U.K. government rules require certain companies, as part of their annual reports, to include a strategic report providing information that enables shareholders to better assess how a company is performing.
The U.K. affiliate of Microsoft Corp. and U.K. company Virgin Atlantic declined to respond to Bloomberg BNA questions about how they might address in their financial reporting Brexit’s potential effects.
The Confederation of Business Industry, a U.K. employers group, said in a July 27 email that concerns about Brexit’s effect on financial reporting is “not something that members have brought to our attention.”
The FRC, which establishes and enforces U.K. accounting, auditing and actuarial standards, has written to companies “asking them to pay particular attention to potential risks arising from Brexit” and to ensure that their financial statements reflect significant impacts and uncertainties, FRC said in its 2016/17 annual report.
Representatives from the U.K.'s governing Conservative Party are carrying out negotiations with EU officials on Brexit. Both sides expect the U.K. to leave the EU by March 2019.
Brexit could produce broad macro-economic risks or uncertainties, along with risks specific to particular companies or industry sectors, FRC said in its July 2016 guidance on financial reports.
FRC recommended in the guidance that companies stay away from boilerplate, or overly generalized, disclosures in their strategic reports.

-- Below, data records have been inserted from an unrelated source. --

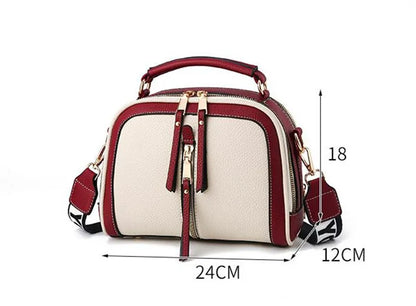 Sacs à bandoulière couleur Hit pour femmes, sacoches en cuir PU, petit sac à main à large sangle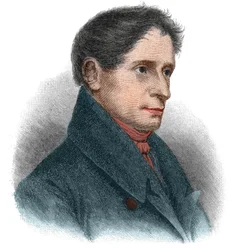 Portræt af Joseph Karl Benedikt von Eichendorff (1788-1857), tysk digter og romanforfatter.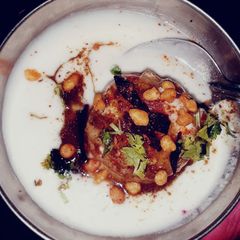 A picture of Dahi Vada.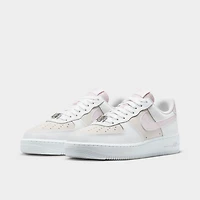 Nike Femmes Air Force 1 Blanc / Lilas Délavé - Or Métallique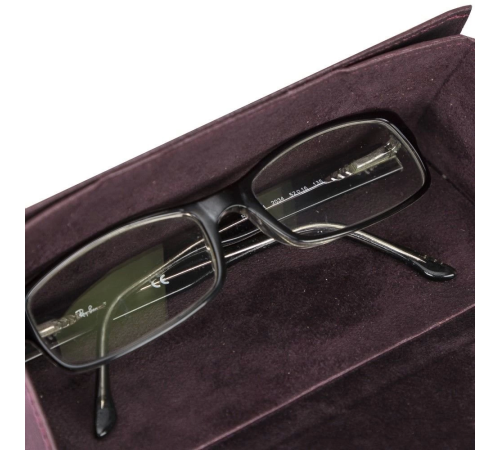 Smart Glass Deri Gözlük Kılıfı TN6 Mor Smart Glass Deri Gözlük Kılıfı TN6 Mor
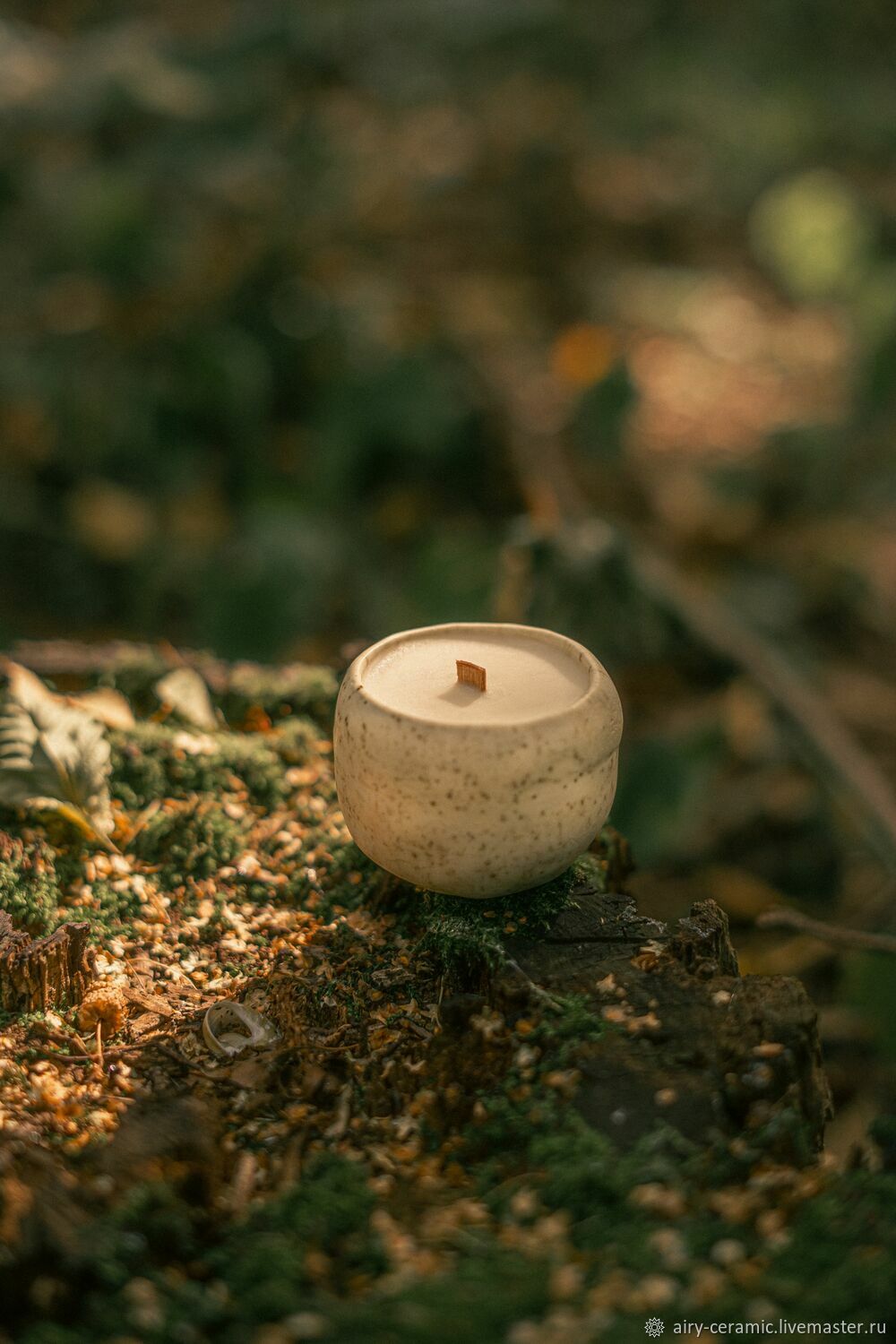 Ароматическая соевая свеча «Бежевый камень» в керамике в интернет ...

“Company specific disclosures are more informative and useful to investors, for example, the impact of trade agreements for companies with a high level of exports to Europe,” according to the guidance.
Many U.K. businesses, however, have been slow to gauge potential effects of the country’s divorce from the EU, the Institute of Chartered Accountants in England and Wales (ICAEW) said in a report published July 17.
Fewer than half of the businesses that ICAEW surveyed have conducted meetings to discuss the risks and opportunities that Brexit presents, and only 29 percent have forged plans for responding to Brexit.
While declining to respond directly to Bloomberg BNA questions, Virgin Atlantic’s 2016 annual report offers insight into what shape Brexit disclosures in financial reports might take in the coming years.
The airline took a financial hit when the value of pound sterling fell in 2016 following the U.K. referendum to leave the EU, the annual report said, as the company derives much of its revenue in pounds.
“To prepare for this risk, we took steps ahead of the EU Referendum to insure our 2016 income statement and balance sheet were mostly protected from exchange rate instability, through currency hedging,” according to the annual report.
Virgin Atlantic said it plans to closely follow the effects of the Brexit talks, “as their impact is a key area of focus for us.”
FRC is facing its own uncertainties as the U.K.’s primacy enforcement organization, or competent authority, for U.K. audits, as well its role as standard setter for the nation’s accounting policies.
With the U.K.’s withdrawal from the EU, the council no longer will adopt and enforce EU-approved international financial reporting standards after they’re transposed into U.K. law.
FRC’s 2016/17 annual report listed as a principal risk to its long-term viability “the uncertainty over the outcome of the negotiations for the UK’s exit from the EU.”
Still, the council expects business as usual for its activities post-Brexit.
“The FRC has considered the impact of the UK withdrawal from the EU for its own future, and will operate on the basis that it will remain the UK Competent Authority for audit regulation and continue its regulatory role for corporate governance and reporting and for actuarial standards and oversight,” the council’s email said.
FRC currently is carrying out a review focusing on principal risk disclosures tied to Brexit and said it “will report on these in due course.”